Managers need to examine their own shortcomings when it comes to driving employee performance. They have to be able to step back and scrutinize whether or not they have effectively:
- Communicated with their team about the change;
- Managed their team’s cognitive biases against the change;
- Understood the differences in perception on the need for the change;
- Taken into account a poor corporate culture that doesn’t facilitate acceptance of the change;
- Considered the inevitable range of emotions that always goes along with change.
Some combination of these, along with various difficulties unique to each workplace, can create a seemingly insurmountable obstacle to managing employee behaviour around change implementation.
Steps to Changing Behaviour
While the list of obstacles to managing behaviour change may seem daunting, a disciplined and structured approach can mitigate many of these and create a path to successful change.
The ultimate goal of behaviour change is to have employees internalize and take ownership of the desired behaviour, and what’s required to drive this is the good habits of active management – setting clear expectations, developing capabilities, and putting proper motivation in place.

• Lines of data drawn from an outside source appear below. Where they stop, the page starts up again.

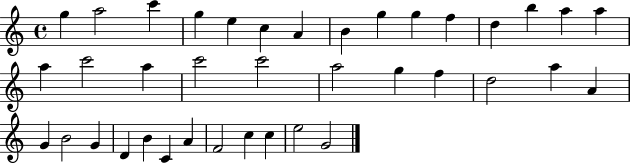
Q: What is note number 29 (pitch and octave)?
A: G4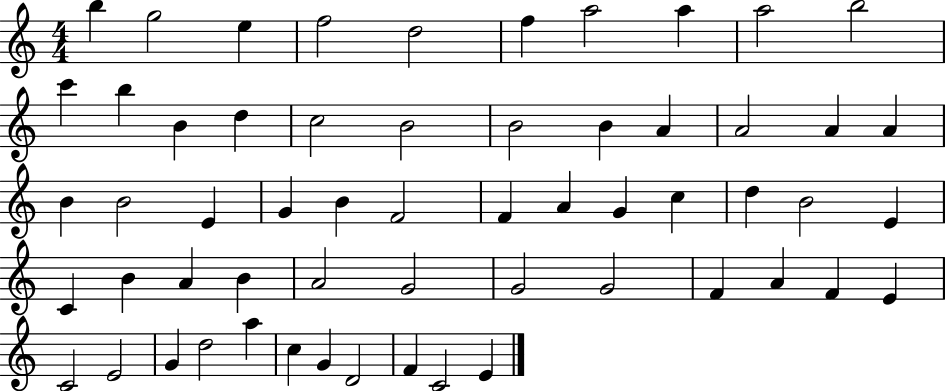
B5/q G5/h E5/q F5/h D5/h F5/q A5/h A5/q A5/h B5/h C6/q B5/q B4/q D5/q C5/h B4/h B4/h B4/q A4/q A4/h A4/q A4/q B4/q B4/h E4/q G4/q B4/q F4/h F4/q A4/q G4/q C5/q D5/q B4/h E4/q C4/q B4/q A4/q B4/q A4/h G4/h G4/h G4/h F4/q A4/q F4/q E4/q C4/h E4/h G4/q D5/h A5/q C5/q G4/q D4/h F4/q C4/h E4/q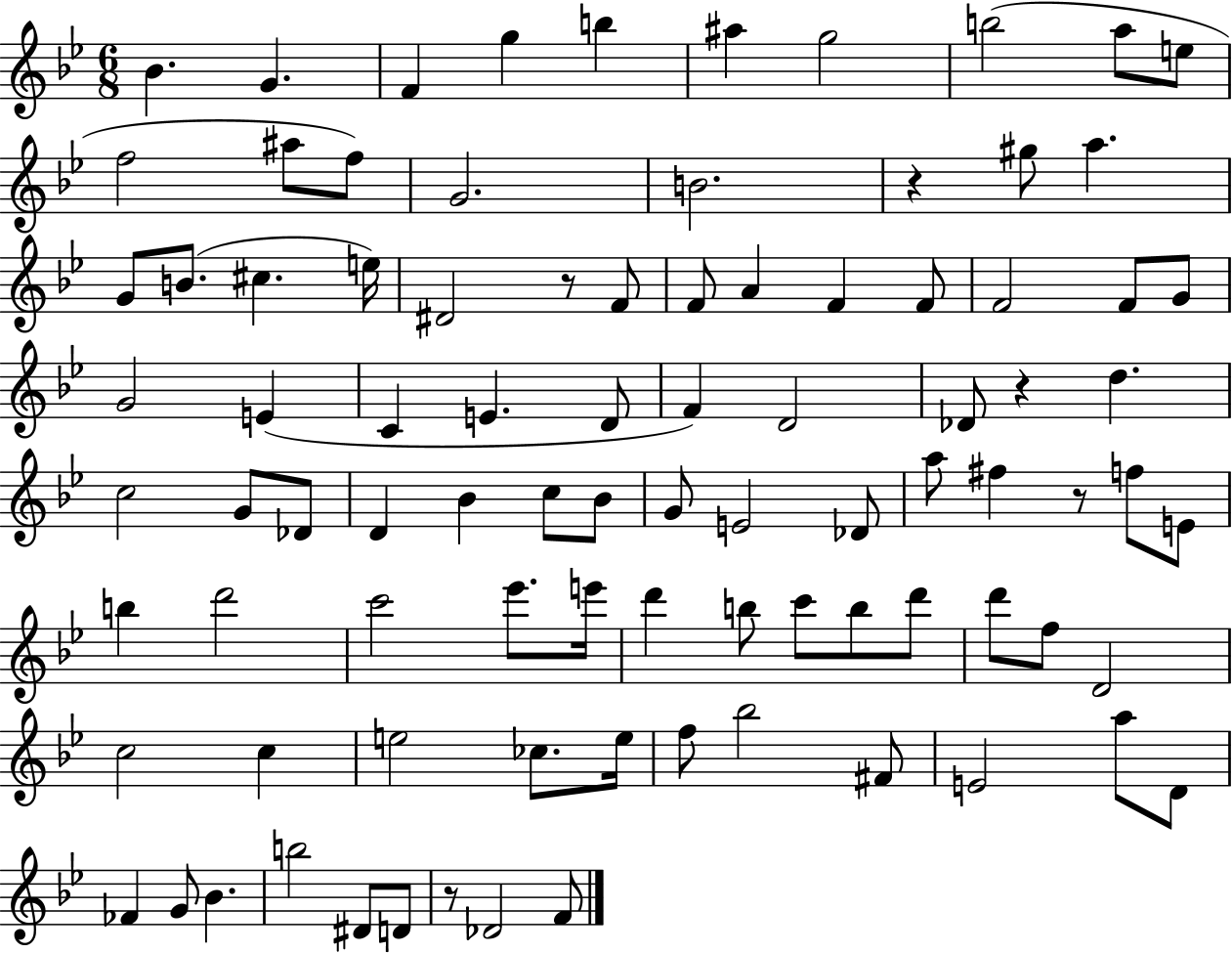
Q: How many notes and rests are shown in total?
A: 90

There are several steps a good active manager can take to successfully drive behaviour change in their teams:
- Communicate. In order to exercise appropriate behaviour, employees need to understand what’s expected of them. Expectations need to be clear and realistic, but most importantly, they need to be known.
- Measure and review. Once targets have been communicated, behaviours need to be quantified as much as possible and then tracked and reported. Knowing whether expectations are being met allows for early and easy course correction.
- Grow Capabilities and Empower Success. Skills need to be evaluated on a skills matrix and adjusted to meet targets. If an employee lacks the needed skill to successfully participate in an implemented change, training should take place right away.
- Set motivators. There needs to be a clear understanding of rewards for desired behaviour and consequences of deficient ones.
- Follow Up. By following up on performance and providing feedback where it’s needed, the loop is closed on continuous communication and the motivators are maintained.